Re: More speedups for tuple deformation

From: David Rowley <dgrowleyml(at)gmail(dot)com>
To: Andres Freund <andres(at)anarazel(dot)de>
Cc: Chao Li <li(dot)evan(dot)chao(at)gmail(dot)com>, PostgreSQL Developers <pgsql-hackers(at)lists(dot)postgresql(dot)org>
Subject: Re: More speedups for tuple deformation
Date: 2026-01-30 11:10:42
Message-ID: CAApHDvpbntG7V3_EsZ+w-V=jU-y8rFmv9RB1EDJm4sxKno-4UA@mail.gmail.com
Views: Whole Thread | Raw Message | Download mbox | Resend email
Thread:
Lists: pgsql-hackers

Thank you for looking at this again.

On Thu, 29 Jan 2026 at 05:26, Andres Freund <andres(at)anarazel(dot)de> wrote:
> On 2026-01-28 02:34:26 +1300, David Rowley wrote:
> > + firstNonCacheOffsetAttr = Min(tupleDesc->firstNonCachedOffAttr, natts);
>
> FWIW, in a few experiments on my cascade lake systems, this branch (well, it
> ends up as a cmov) ends up causing a surprisingly large performance
> bottleneck. I don't really see a way around that, but I thought I'd mention it.

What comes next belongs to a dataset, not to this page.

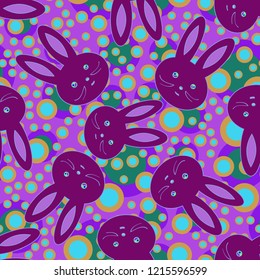 Seamless background with cute cartoon rabbits.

Yeah, I believe this is the primary reason that I'm fighting the small
regression on the 0 extra column test. I thought it might be because
the mov has a dependency and wait on natts being calculated, which
needs to access fields in the tuple header. I wonder if there's some
reason the compiler to CPU can't defer calculating
firstNonCacheOffsetAttr until later. Maybe I should try moving it
later in the code to see if that helps.

> On the topic of tupleDesc->firstNonCachedOffAttr - shouldn't that be an
> AttrNumber? Not that it'll make a difference perf or space wise, just for
> clarity.
>
> Hm, I guess natts isn't an AttrNumber either. Not sure why?

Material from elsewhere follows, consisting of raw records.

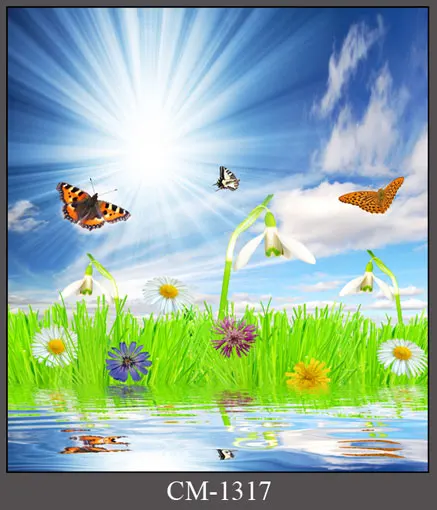 

8 ft vinyl cloth print butterfly field photo booth backgrounds for photo studio photographic background props CM-1317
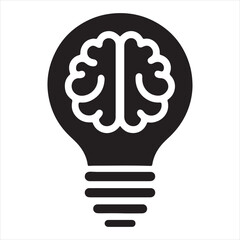 Abstract lightbulb graphic representing a new idea or innovation isolated on transparent background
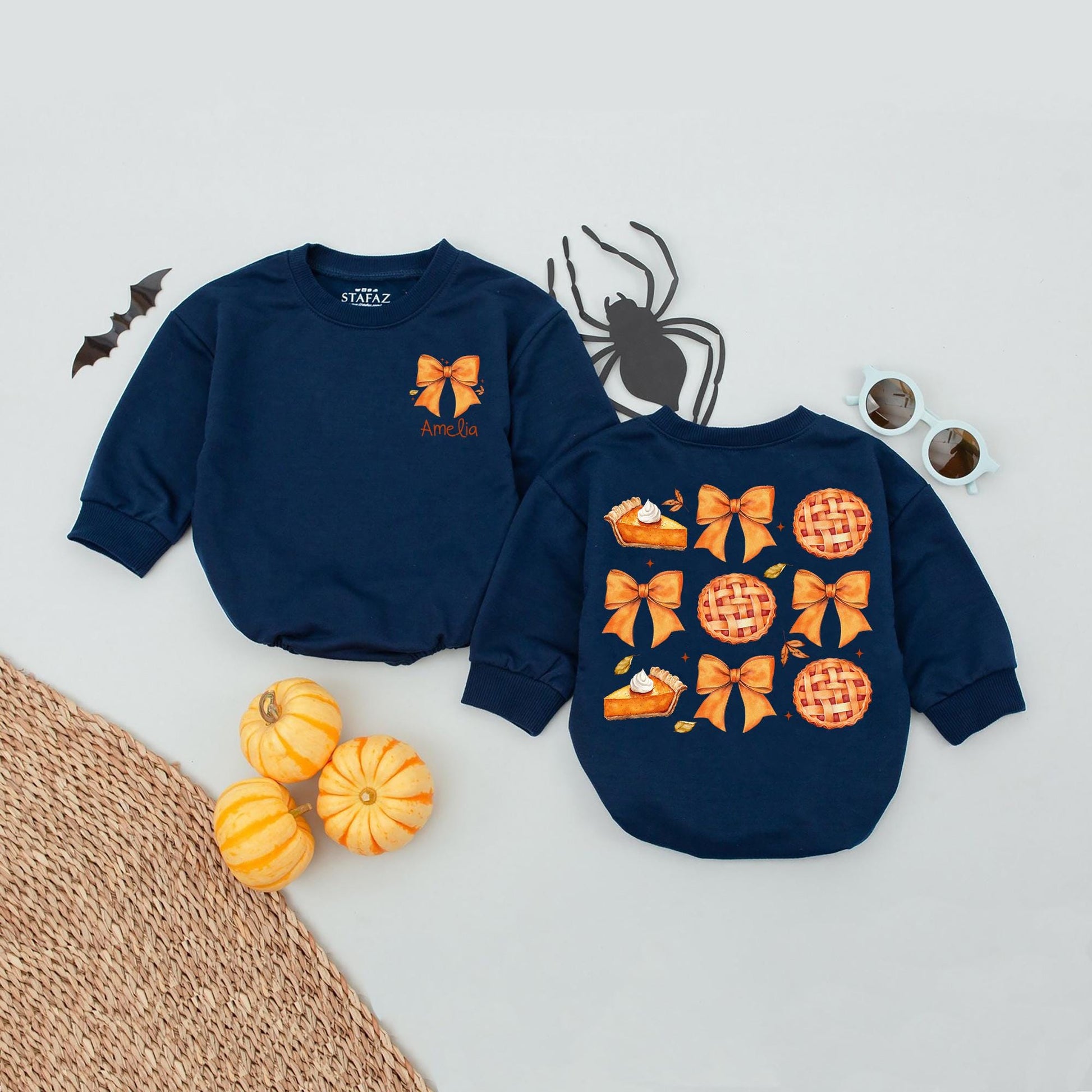 Custom Pumpkin Pie Romper for Girls with Golden Orange Bows and Scattered Fall Leaves Unique Thanksgiving Baby Clothes Cozy Autumn Infant Gift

I noticed that too, but took the path of least resistance and made
firstNonCachedOffAttr an int too. I did wonder why natts wasn't an
AttrNumber. If they both were AttrNumbers, I wouldn't need to make the
TupleDesc struct bigger. Right now, I've enlarged it by 8 bytes by
adding firstNonCachedOffAttr.

One problem is that a bunch of functions that accept int;
CreateTemplateTupleDesc(int natts), CreateTupleDesc(int natts,
Form_pg_attribute *attrs). Then BuildDescFromLists() sets natts based
on list_length(). Maybe CreateTemplateTupleDesc() could Assert or
throw an error if natts does not fit in 16-bits.

>
> > + if (hasnulls)
> > + {
> > + bp = tup->t_bits;
> > + firstNullAttr = first_null_attr(bp, natts);
> > + firstNonCacheOffsetAttr = Min(firstNonCacheOffsetAttr, firstNullAttr);
> > + }
> > + else
> > + {
> > + bp = NULL;
> > + firstNullAttr = natts;
> > + }
> > +
> > + values = slot->tts_values;
> > + isnull = slot->tts_isnull;
> > + tp = (char *) tup + tup->t_hoff;
>
> Another stall I see is due to the t_hoff computation - which makes sense, it's
> in the tuple header and none of the deforming can happen without knowing the
> address. I think in the !hasnulls case, the only influence on it is
> MAXALIGN(offsetof(HeapTupleHeaderData, t_bits)), so we could just hardcode
> that?

hmm. I wonder why it even needs to exist. If the null bitmap is there,
you can calculate how many bytes from natts. I tried doing "tp = (char
*) tup + MAXALIGN(offsetof(HeapTupleHeaderData, t_bits));" for the
!hasnulls case and it's hard to tell if it helps. See the 0004 patch.
I'm somewhat hesitant to go against the grain here on how to calculate
where the tuple data starts.

> Separately, sometimes - I haven't figured out when - gcc seems to think it's
> smart to actually compute the `tp + cattr->attcacheoff` below using tup and
> tup->t_hoff stored in registers (i.e. doing multiple adds). When the code is
> generated that way, I see substantially worse performance. Have you seen
> that?

I've not noticed that.

> > + else if (attnum == 0)
> > {
> > /* Start from the first attribute */
> > off = 0;
> > - slow = false;
> > }
> > else
> > {
> > /* Restore state from previous execution */
> > off = *offp;
> > - slow = TTS_SLOW(slot);
> > }
>
> Do we actually need both of these branches? Shouldn't *offp be set to 0 in the
> attnum == 0 case?

I see tts_heap_clear() zeros it, so I think it should be ok. Doesn't
feel quite as robust, however.

> A few thoughts / suggestions:
>
> 1) We should not update values[]/isnull[] between fetchatt() and
> att_addlength_pointer(). The compiler can't figure out that no fields in
> cattr or *(tp + off) are being affected by those stores.
>
> Changing this on master improves performance quite noticeably. I see a 13%
> improvement in a test with deforming 5 not-null byval columns.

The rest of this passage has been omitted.